Summer melt in 2019 was at 8.9 percent. Ahead of the fall 2020 semester, the LBJ School was able to increase the class size by 5.4 percent and keep summer melt stable at 9.17 percent.

Students have said:

  • "The discussions have been so interesting and varied and I'm so grateful for the opportunity to explore more of what is available to us in the community at the LBJ School," said Alex Rose, an incoming public affairs student from Los Angeles. "It's such fertile ground. And in these moments of feeling a bit disconnected from each other, it's wonderful to be welcomed into the community in this way."
  • "I want to thank the LBJ staff and faculty for this Summer Stretch program," said Pablo Pejlatowicz, an incoming public affairs student from Argentina and a university lecturer who also moved to teaching online. "Foremost, this program provides an insight into the faculty and staff personality, and overall, the Summer Stretch is a great way to anticipate the academic offerings of LBJ. These sessions helped me to choose some of the courses or projects that I might not have looked into before."

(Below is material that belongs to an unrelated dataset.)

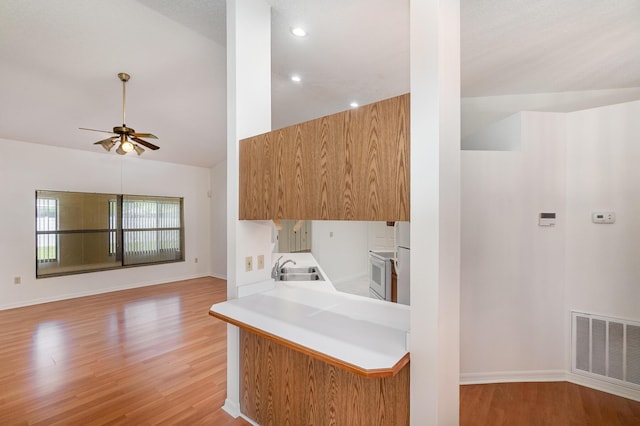 kitchen featuring white range with electric cooktop, sink, light hardwood / wood-style flooring, kitchen peninsula, and ceiling fan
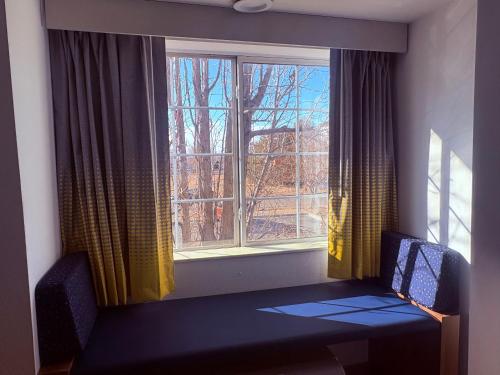 a room with a window with a table and two chairs at Microtel Inn & Suites by Wyndham Denver Airport in Denver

The Summer Stretch program also included online orientation, summer career programming like workshops on resume, cover letter and portfolio checklists, student-led programming like a "Welcome to Austin" panel, and a town hall on COVID-19 updates.

Students also attended the school's LBJ In the Arena series, which launched days after the university closed in March 2020. The live, virtual series featured faculty in conversation with experts at the forefront of the COVID-19 response. The series will continue into the fall and explore contemporary policy issues.

Summer Stretch concluded with a Pandemic Simulation developed in consultation with staff from NASPAA and the Center for Gaming and Simulation at the University of Virginia's Batten School of Leadership and Public Policy.

Summer Stretch was developed through a faculty and admissions staff partnership.